Each focus area contains a number of proposed actions and strategies including developing, implementing and updating various initiatives, programs and strategies relating to achieving the outcomes outlined under each key focus area. Various actions signal future legislative reform which we consider further below. 

Growing and diversifying the resources industry

For many years, Queensland’s resources sector has been underpinned by its coal, gas and metalliferous resources. This has resulted in Queensland developing a competitive advantage in the mining, processing and supplying of resources such as coal, gas and copper. To grow and diversify the resources industry, the QRIDP aims to leverage Queensland’s competitive advantage to develop and supply New Economy Minerals (NEM) to the world, such that by 2050, the industry will have supported global industries in its decarbonising efforts.
In doing so, the QRIDP recognises the importance premium commodities will continue to play in the development of low emission technologies such as electric vehicles and solar panels. It also acknowledges the need for the resources industry to decarbonise and explore other clean energy sources, such as hydrogen, to align with global trends.
Notable proposed actions to achieve this outcome include: 
  • Reviewing the Petroleum and Gas (Production and Safety Act) 2004 (Qld) to provide an efficient and transparent regulatory framework for hydrogen and other clean energy resources such as biomethane, hydrogen blends and other renewable methane gas blends. These resources are deemed critical to Queensland and the world’s transition to net zero emissions by 2050;
  • Investigating carbon capture, use and storage and include areas for carbon storage feasibility exploration under the Greenhouse Gas Storage Act 2009 (Qld) in future rounds of the Queensland Exploration Program; and
  • Investigating the feasibility and financial sustainability of common user infrastructure such as roads, rail, ports and electricity, in partnership with the resource industry, in the hope it will stimulate investment and assist major resource developments to proceed. 

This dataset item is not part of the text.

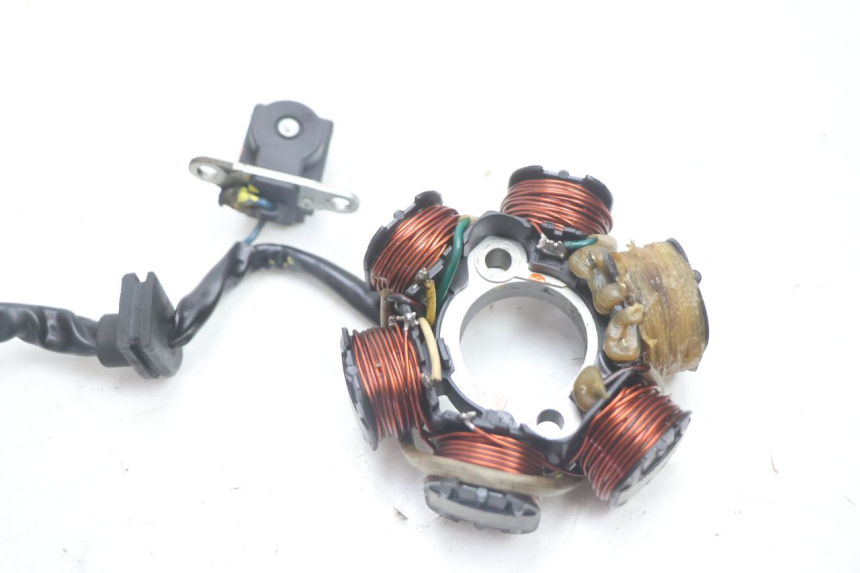 photo de ESTATOR SYM MIO 50 (2005 - 2010) - Detalles de los puntos de fijación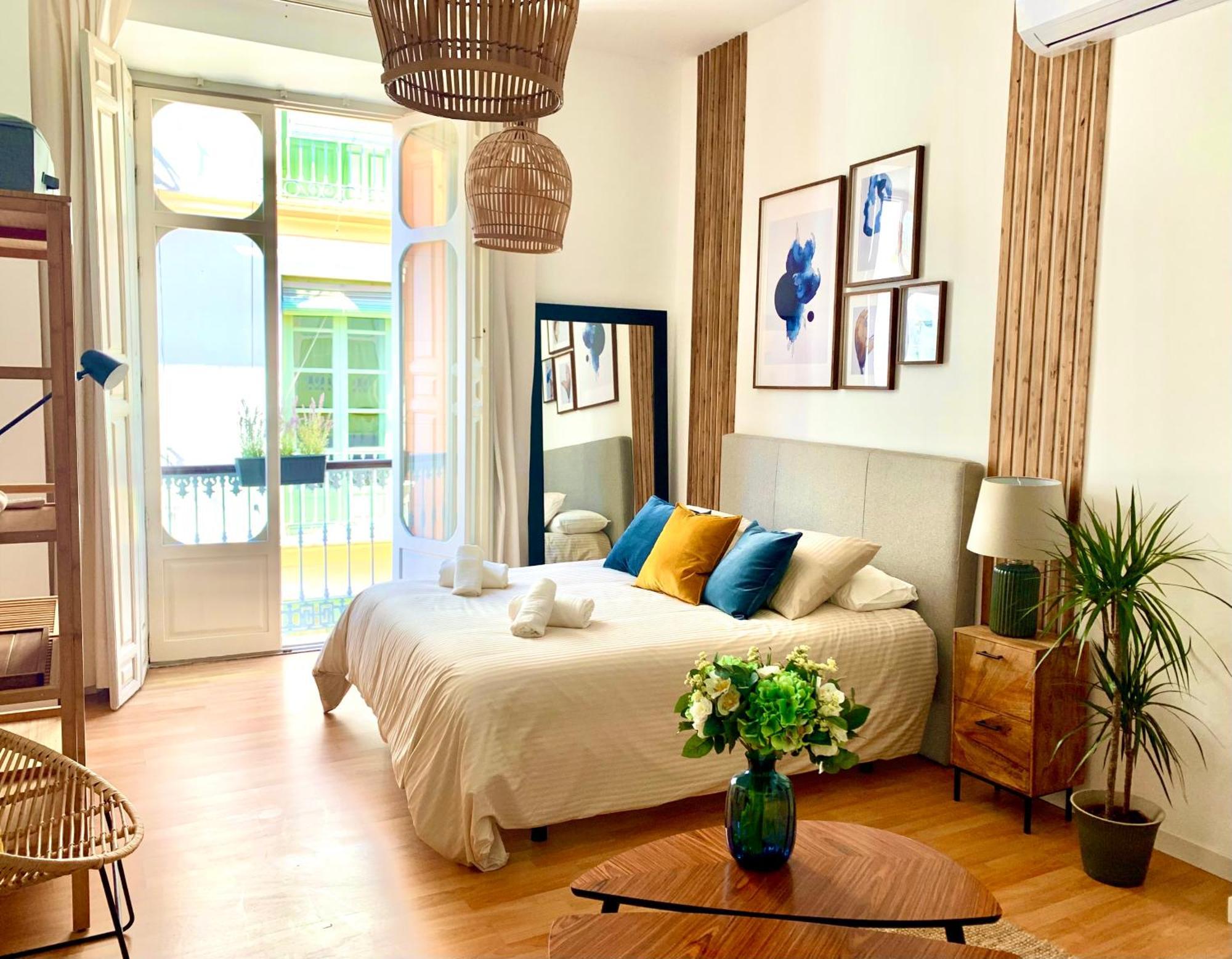 Calderon III Deluxe Central Sinesedesignhomes Malaga Zewnętrze zdjęcie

Strengthening ESG credentials and environmental protection 

Currently, Queensland has a robust regulatory framework which provides resource industry operators a strong platform for demonstrating their environmental, social and governance (ESG) credentials. However, ESG factors are becoming increasingly influential for investors and customers when making decisions as to whether to invest in a company or to purchase products. As such, the QRIDP seeks to ensure the resources industry is prepared and ready to seize new opportunities that increasingly ESG conscious investors, customers and global jurisdictions will offer. It also aims to progressively decarbonise existing operations to align with the Government’s commitments to a zero-net emissions future and protect the environment.
Notable proposed actions to ensure this outcome is achieved include:
  • Implementing an operation policy which requires applicants of new and existing resource activity environmental authorities (EA) to reduce Scope 1 and Scope 2 emissions;
  • Requiring EA holders to implement greenhouse abatement plans;
  • Establishing a government-industry ESG working group to determine appropriate government action for supporting ESG in the resources industry; and
  • Investigating the feasibility of establishing an independent Environmental Protection Agency (EPA) to protect Queensland’s environment. This is currently underway with the Government having commenced public consultation on the establishment of an EPA and is due to close in February 2022. 

Fostering coexistence and sustainable communities

The Queensland resources industry has supported and helped to grow Queensland’s regional communities for many years. To ensure this continues, the QRIDP emphasises the need for the industry to forge and maintain long-standing and mutually beneficial working relationships with landholders, communities, and other industries in the areas where they operate. It is also expected that the projects undertaken by the resources industry leave regional communities better off after resource projects are completed.
Key actions proposed to achieve these outcomes include: 
  • Implementing the findings of the Queensland Government review of the Strong and Sustainable Resource Communities Act 2017 (Qld);
  • Consulting with stakeholders and the public about a draft set of principles for strong landholder relationships which outlines behaviour expectations for resources companies around coexistence issues; and
  • Reviewing land access institutions to ensure they are well aligned, contemporary and efficient, with particular focus on the scope and function of the Land Access Ombudsman and GasFields Commission Queensland. This includes whether these entities could perform their functions under a single entity. 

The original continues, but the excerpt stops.